Toys can have different characteristics and don’t always have to be cute, per se.  Toys can be quaint like wooden blocks or like cloth teddy bears or Raggedy Ann & Andie. Different kinds of toys definitely have different auras. What I’m talking about in terms of Minaj is a plastic aurality, bereft of all sentimental value, simultaneously stripped and sealed.  Not only does Minaj perform the strip/tease, but she does so through offering herself up as a sealed object — almost hermetically so.  And in true hip-hop tradition, she’s the first to brag about how airtight her entourage is.

Her über lavish lamé and latex costuming makes her seem impossible to undress. Just go ahead and try and get her out of her clothes. She’s tightly corseted, though nothing like a genteel Victorian.  She’s walking around literally sheathed in rubber, her gear is like… well, like a condom.  Her stylized plasticity seems to be almost hygienically engineered. The overly shellacked make-up and wigs seal the deal. (Get it? seal the deal? like sealed… oh never mind.)  It seems like whatever they try to hurl, spit, or squirt at her, it just instantly wipes off.  All antibacterial and whatnot.

Yep. Nicki Minaj is pretty much awesome.

daddy-mommy-me

The image to the left is by Gordon Parks, called “Black Children with White Doll.”

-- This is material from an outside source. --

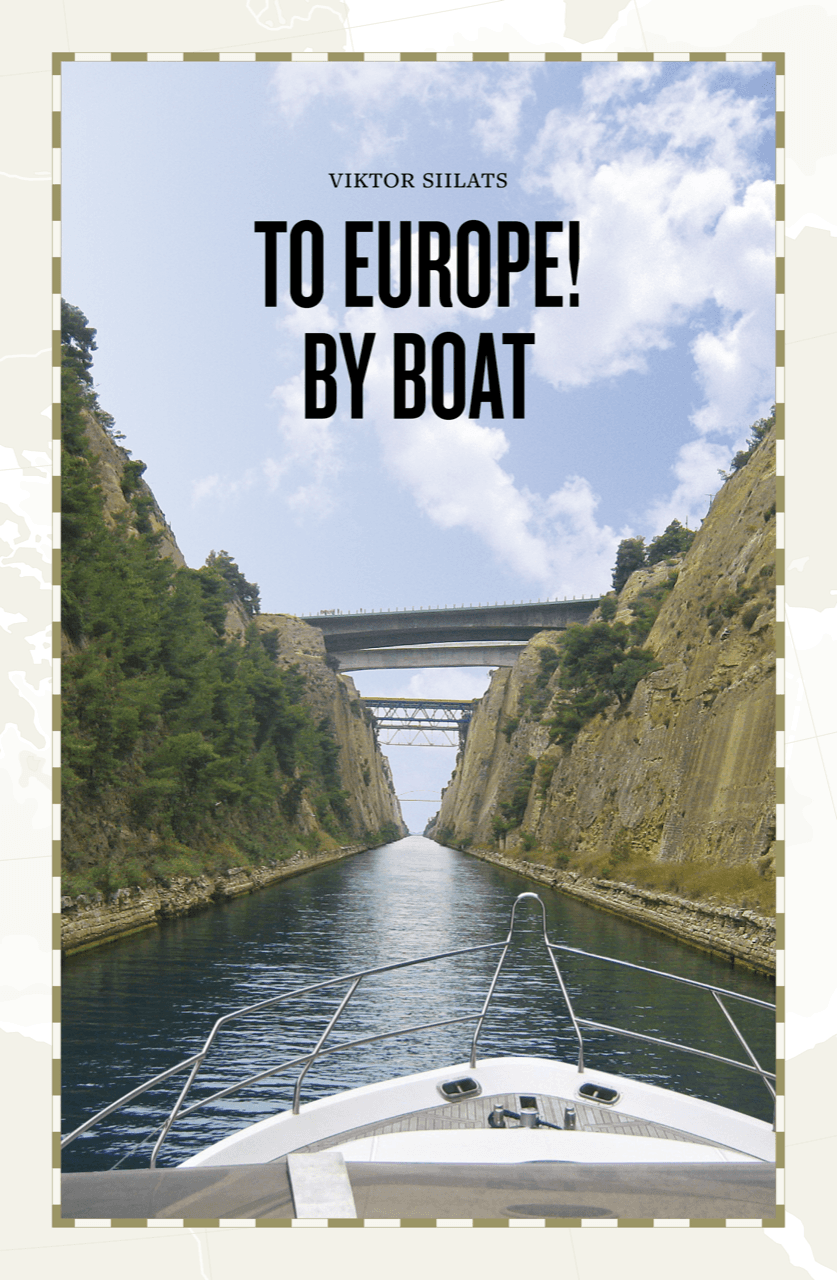 To Europe! by Boat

The title of this post is “daddy-mommy-me” and is a quote taken from the introduction to Deleuze & Guattari’s Anti-Oedipus: Capitalism and Schizophrenia and is related to my cute theory of race. The baby subject feels loyalty to the primary [racialized] nuclear unit in a libidinal economy of desire. The cuteness of “daddy-mommy-me” is abject sentimentality in the most profound and fundamental sense. (This is something I’m not going to tease out in a few paragraphs — it’s Deleuze for crying out loud, people!) I have a year and a half before I have to trace this economy of family cuteness more fully.

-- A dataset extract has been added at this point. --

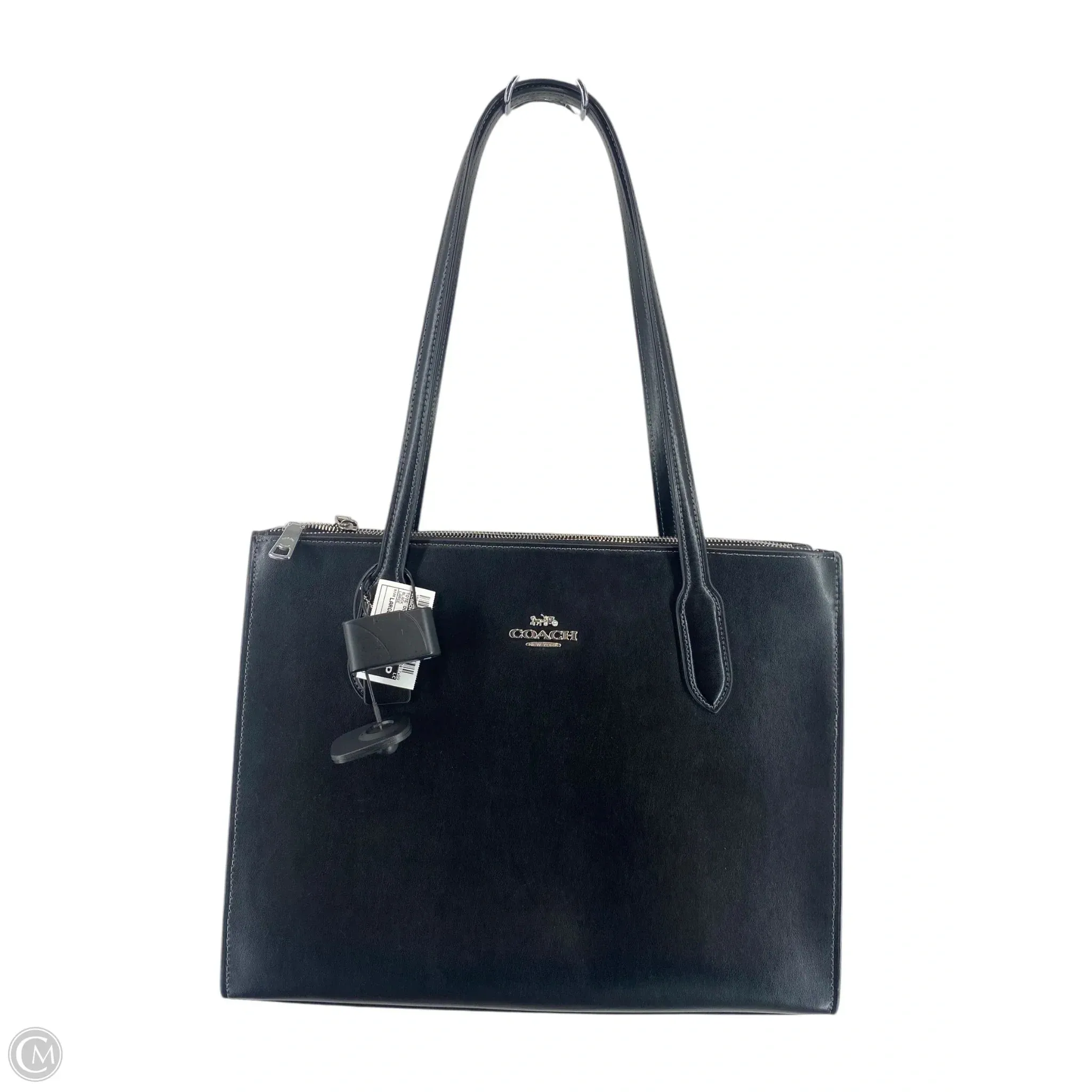 Tote Designer By Coach, Size: Large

Of course, there’s this lovely piece by Japanese theorist, Akira Asada “Infantile Capitalism and Japan’s Postmodernism: A Fairy Tale” that really has fun with notions of cute economy, infantile capitalism — to be specific,  and is all Deleuzianed out with wild proclamations about software & play v. hardware & hardwork. Very fun.

And then today I played around with I-Ching to focus on the question of a fruitful 2011. After six coin tosses, I built the 37th hexagram or ䷤ The Family (the family, in this case is according to the standards of traditional Chinese gender and birth order norms).  This notion of family, of course, operates from a particular logic of oikonomos quite different from the context of Western cultural site of oedipal exchange, but I believe there is a similarity. The Wilhelm and Baynes translation I use talks about the “family is society in embryo… the native soil on which performance of moral duty is made easy through natural affection… within in a small circle of moral practice… later widened to include human relationships in general” (144).  Hmmmm. Now I’m not saying I’ll be citing or actively using the I-Ching in my diss (though I’m fascinated by Gregory Ulmer’s ideas about the system’s flash logic as an ancient hypertext), but it’s certainly possible for me to appreciate this reminder of my social situation while also objecting to the basis of it on philosophical grounds. The oracular reading connects quite verisimilitudinally to this subject of “cute” in my dissertation, though. Or it just might be that I’m seeing “cute” everywhere because I’m so immersed in my topic. Either way, it can’t be too bad of a thing; I’ll need all the imaginative energy I can muster these next 18 months. (For realers.)

The line in the first place is 9 and changes 37 to the 53rd hexagram or ䷴Development/Gradual Progress. The image of 53 involves the gradual progression of a sapling on the side of a mountain.  Influence and weight develops over time. Need I say more?